PROBLEM TO SOLVE:
Copy out the lines of the records below, and only those lines, from the one with "Let's count the" through the one with "JCOV is distributed", exactly as they appear.
╭─ SOURCE INFORMATION
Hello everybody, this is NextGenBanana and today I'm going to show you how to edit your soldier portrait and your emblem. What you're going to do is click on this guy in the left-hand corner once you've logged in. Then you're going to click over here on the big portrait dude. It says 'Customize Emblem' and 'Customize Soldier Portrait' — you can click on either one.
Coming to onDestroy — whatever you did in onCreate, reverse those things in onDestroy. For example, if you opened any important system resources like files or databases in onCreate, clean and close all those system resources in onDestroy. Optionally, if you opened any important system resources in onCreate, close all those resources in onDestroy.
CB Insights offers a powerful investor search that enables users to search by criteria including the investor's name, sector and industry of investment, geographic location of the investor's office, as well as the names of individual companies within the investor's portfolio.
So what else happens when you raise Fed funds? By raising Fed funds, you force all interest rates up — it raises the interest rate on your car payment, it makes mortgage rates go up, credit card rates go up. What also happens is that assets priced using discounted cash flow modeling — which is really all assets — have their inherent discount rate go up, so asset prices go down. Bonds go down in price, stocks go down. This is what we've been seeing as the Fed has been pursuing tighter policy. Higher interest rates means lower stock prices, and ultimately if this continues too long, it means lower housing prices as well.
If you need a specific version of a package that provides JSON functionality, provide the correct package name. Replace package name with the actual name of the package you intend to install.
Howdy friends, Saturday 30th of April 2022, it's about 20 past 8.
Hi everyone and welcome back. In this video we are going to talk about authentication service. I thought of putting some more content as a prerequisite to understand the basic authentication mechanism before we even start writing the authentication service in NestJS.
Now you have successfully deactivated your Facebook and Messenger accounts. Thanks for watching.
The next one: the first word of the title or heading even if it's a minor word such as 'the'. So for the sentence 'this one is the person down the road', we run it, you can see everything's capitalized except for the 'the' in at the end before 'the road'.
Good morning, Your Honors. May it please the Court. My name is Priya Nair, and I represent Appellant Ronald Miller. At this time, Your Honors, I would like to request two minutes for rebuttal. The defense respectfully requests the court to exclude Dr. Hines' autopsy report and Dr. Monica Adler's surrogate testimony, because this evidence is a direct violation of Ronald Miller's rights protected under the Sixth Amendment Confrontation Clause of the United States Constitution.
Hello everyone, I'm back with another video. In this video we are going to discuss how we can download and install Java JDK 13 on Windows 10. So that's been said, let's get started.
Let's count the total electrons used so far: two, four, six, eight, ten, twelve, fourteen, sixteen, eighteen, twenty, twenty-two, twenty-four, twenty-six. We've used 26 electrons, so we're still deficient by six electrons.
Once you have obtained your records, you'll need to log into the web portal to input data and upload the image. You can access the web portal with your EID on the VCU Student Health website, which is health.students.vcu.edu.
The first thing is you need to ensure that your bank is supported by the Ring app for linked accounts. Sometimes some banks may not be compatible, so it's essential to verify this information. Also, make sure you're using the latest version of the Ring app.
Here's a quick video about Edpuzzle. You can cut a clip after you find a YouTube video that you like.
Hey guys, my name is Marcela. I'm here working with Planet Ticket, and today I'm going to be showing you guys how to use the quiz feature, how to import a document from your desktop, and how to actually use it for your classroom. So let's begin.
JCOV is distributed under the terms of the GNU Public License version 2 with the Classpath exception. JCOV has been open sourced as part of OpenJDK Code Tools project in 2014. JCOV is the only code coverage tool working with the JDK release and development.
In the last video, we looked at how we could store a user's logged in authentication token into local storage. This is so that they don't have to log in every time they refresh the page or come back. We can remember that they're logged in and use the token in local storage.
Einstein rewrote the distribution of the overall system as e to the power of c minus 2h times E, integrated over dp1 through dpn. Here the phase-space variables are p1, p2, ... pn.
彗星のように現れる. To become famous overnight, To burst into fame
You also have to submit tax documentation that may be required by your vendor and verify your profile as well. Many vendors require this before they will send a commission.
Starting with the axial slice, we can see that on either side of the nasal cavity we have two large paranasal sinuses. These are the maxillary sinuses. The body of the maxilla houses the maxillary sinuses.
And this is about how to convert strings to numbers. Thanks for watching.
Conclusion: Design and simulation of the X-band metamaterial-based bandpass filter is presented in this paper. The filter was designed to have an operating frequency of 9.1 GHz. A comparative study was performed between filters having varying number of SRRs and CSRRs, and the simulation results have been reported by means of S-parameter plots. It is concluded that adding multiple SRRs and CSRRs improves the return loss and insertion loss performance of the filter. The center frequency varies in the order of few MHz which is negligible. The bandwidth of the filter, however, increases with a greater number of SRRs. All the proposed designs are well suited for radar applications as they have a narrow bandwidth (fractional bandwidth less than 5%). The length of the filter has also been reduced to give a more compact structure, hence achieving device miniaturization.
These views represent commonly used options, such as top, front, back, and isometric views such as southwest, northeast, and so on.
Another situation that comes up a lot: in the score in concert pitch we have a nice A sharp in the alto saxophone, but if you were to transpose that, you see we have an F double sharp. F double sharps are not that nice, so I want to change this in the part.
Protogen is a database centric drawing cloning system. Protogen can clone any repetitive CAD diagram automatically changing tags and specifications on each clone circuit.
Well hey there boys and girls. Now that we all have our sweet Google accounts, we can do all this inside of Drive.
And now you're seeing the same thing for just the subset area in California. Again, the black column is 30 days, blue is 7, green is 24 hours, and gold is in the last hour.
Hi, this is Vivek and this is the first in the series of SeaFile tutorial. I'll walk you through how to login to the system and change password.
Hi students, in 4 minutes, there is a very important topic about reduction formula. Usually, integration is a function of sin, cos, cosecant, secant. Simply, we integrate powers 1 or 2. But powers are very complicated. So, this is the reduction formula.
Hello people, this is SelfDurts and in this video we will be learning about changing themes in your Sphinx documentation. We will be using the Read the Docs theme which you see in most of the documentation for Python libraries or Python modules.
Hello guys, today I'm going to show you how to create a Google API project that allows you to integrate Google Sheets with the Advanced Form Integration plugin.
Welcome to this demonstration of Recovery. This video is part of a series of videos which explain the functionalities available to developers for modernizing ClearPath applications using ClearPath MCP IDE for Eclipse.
╰─
RESPONSE:
Let's count the total electrons used so far: two, four, six, eight, ten, twelve, fourteen, sixteen, eighteen, twenty, twenty-two, twenty-four, twenty-six. We've used 26 electrons, so we're still deficient by six electrons.
Once you have obtained your records, you'll need to log into the web portal to input data and upload the image. You can access the web portal with your EID on the VCU Student Health website, which is health.students.vcu.edu.
The first thing is you need to ensure that your bank is supported by the Ring app for linked accounts. Sometimes some banks may not be compatible, so it's essential to verify this information. Also, make sure you're using the latest version of the Ring app.
Here's a quick video about Edpuzzle. You can cut a clip after you find a YouTube video that you like.
Hey guys, my name is Marcela. I'm here working with Planet Ticket, and today I'm going to be showing you guys how to use the quiz feature, how to import a document from your desktop, and how to actually use it for your classroom. So let's begin.
JCOV is distributed under the terms of the GNU Public License version 2 with the Classpath exception. JCOV has been open sourced as part of OpenJDK Code Tools project in 2014. JCOV is the only code coverage tool working with the JDK release and development.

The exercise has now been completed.